Signup for our free newsletter:

Fannie, Freddie, and WaMu Cut to Sell by Goldman

Written By Brian Hicks

Posted February 25, 2008




The bullish ranting of CNBC aside, you may be wondering whether or not it is it time to buy the big names in the banking sector.

Well, according to the analysts that cover them, the answer to that question would seem to be a resounding “NO”.

That’s the take today as few of the giants–Freddie Mac, Fannie Mae, and Washington Mutual— were cut to “sell” by Goldman Sachs.

Moreover, analysts at Oppenheimer & CO. also took the axe to Citigroup’s 2008 earning estimates today, chopping a full 70% off of earlier forecasts.

Of course, it was just last Thursday that Oppenheimer analyst Meredith Whitney told CNBC that Citi may need to cut its dividend once again due to insufficient reserves.

Whitney, you may remember, nailed it last year with her first prediction of a reduction in the Citi dividend that rocked the Street late last summer.

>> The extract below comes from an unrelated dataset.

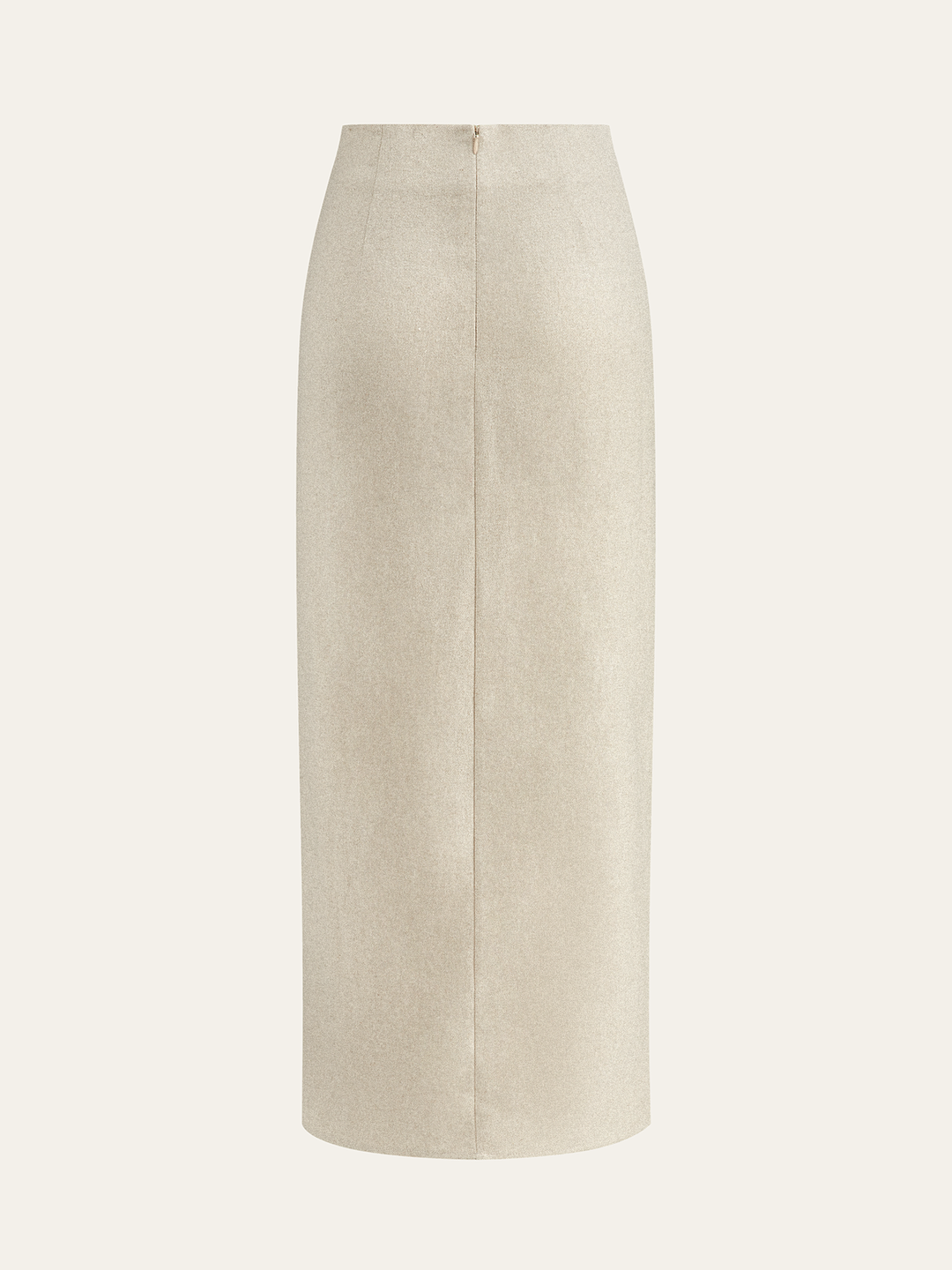 Linen Blend Wrap Midi Skirt with Wooden Buckle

Nonetheless, here’s the rest of the story in the shaky world of the financials, where the Financial Select Sector SPDR (XLF) has fallen by 2% today.

From MarketWatch by Greg Morcroft entitled: Citigroup Lower as Oppenheimer Slashes Estimate.

“Oppenheimer & Co. analysts on Monday slashed Citigroup Inc’s. 2008 earnings estimate by 70%, to 75 cents a share from $2.70 previously, and said the financial-services giant may have to sell $100 billion of assets to put its balance sheet right.

Meanwhile, analysts at Goldman Sachs were also busy. They lowered expectations for several firms, downgrading Fannie Mae and Freddie Mac to sell and trimming estimates for several top brokerages scheduled to report financial results next month.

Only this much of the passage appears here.